State governments were unprepared for the rapid mobilization of the federal rural electrification program in the 1930s. None had statutes specifically authorizing electric cooperatives, although three states—Washington, Oregon, and Nebraska—had passed laws governing public utility districts, close cousins of co-ops.
“But the farmers could not wait until the state legislatures could, or would, act, and the first necessity was to find a foothold in existing laws and practices under which cooperatives could organize,” wrote REA Administrator Harry Slattery in 1940.
Once a foothold had been gained, the next big question was: “Is a rural electric cooperative a public utility in the legal sense?” Should co-ops be regulated like private power companies?

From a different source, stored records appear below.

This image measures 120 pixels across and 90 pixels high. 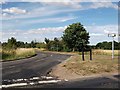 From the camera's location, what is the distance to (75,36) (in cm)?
7619

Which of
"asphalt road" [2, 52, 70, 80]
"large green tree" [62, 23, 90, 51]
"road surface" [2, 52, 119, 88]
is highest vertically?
"large green tree" [62, 23, 90, 51]

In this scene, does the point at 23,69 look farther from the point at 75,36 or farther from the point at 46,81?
the point at 75,36

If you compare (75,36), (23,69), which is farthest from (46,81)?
(75,36)

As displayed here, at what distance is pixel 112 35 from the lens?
2862 centimetres

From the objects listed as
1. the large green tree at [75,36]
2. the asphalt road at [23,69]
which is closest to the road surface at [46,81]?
the asphalt road at [23,69]

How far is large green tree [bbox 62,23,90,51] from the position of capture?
7464 cm

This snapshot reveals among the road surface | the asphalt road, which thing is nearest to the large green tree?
the asphalt road

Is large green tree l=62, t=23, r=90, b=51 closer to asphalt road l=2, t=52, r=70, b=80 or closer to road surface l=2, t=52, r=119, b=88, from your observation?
asphalt road l=2, t=52, r=70, b=80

REA’s legal staff thought not. Consumers didn’t need protection from not-for-profit utilities providing electric service at cost. Besides, regulation would slow things down, thwarting the co-ops’ ability to pay back their government loans on time.
In 1936, most states, according to Slattery, required co-ops to secure a Certificate of Convenience and Necessity from their public utilities commission before putting up lines. “It may seem amusing that the farmers should have to take time out and employ lawyers to demonstrate that electricity was either a convenience or a necessity to them,” he wrote in his 1940 book, America Lights Up.
Certificates of Convenience and Necessity were a classic run-around welcomed by the big power companies, which were ferociously protective of their local monopolies and had put a lot of time and money into courting public utility commissioners.
But co-ops had their own allies, and REA and co-op lawyers celebrated on July 10, 1939, when the Washington Supreme Court ruled in the case of Inland Empire Rural Electrification, Inc. v. Department of Public Service that, in Slattery’s words, an electric co-op is not an electric utility and thus not subject to regulation.
“It does not conduct its operation for gain for itself or for the profit of investing stockholders,” the court said. The corporate entity and the persons being served are one and the same. “It is a league of individuals associated together in corporate form for the sole purpose of producing and procuring for themselves a needed service at cost.”
The lawyers celebrated again the following March when the Utah Supreme Court ruled that there is “no need for the regulation of true cooperatives,” because the consumers, not the corporation, are in the driver’s seat. If rates are too high or service is bad, the consumers can elect new directors and demand changes.
Still, legal snags slowed progress, so much so that REA pushed for uniform state enabling laws for co-ops. The legal staff drafted a model law in 1937 and then updated it in 1939.
Some states adopted the model law wholesale; others used it to tinker with their own laws, and others ignored it.
In all, about 2,000 legal opinions had been written, and around 1 million easements had been papered in furthering co-ops’ legal foothold.
“REA attorneys, in collaboration with several hundred local counsel employed by the cooperatives, have virtually created a new body of law in the past years,” Slattery concluded in a chapter titled, “Fighting for a Legal Right to Live.” “It may properly be described as ‘the law of rural electrification through cooperative enterprise.’ And the end is not yet.”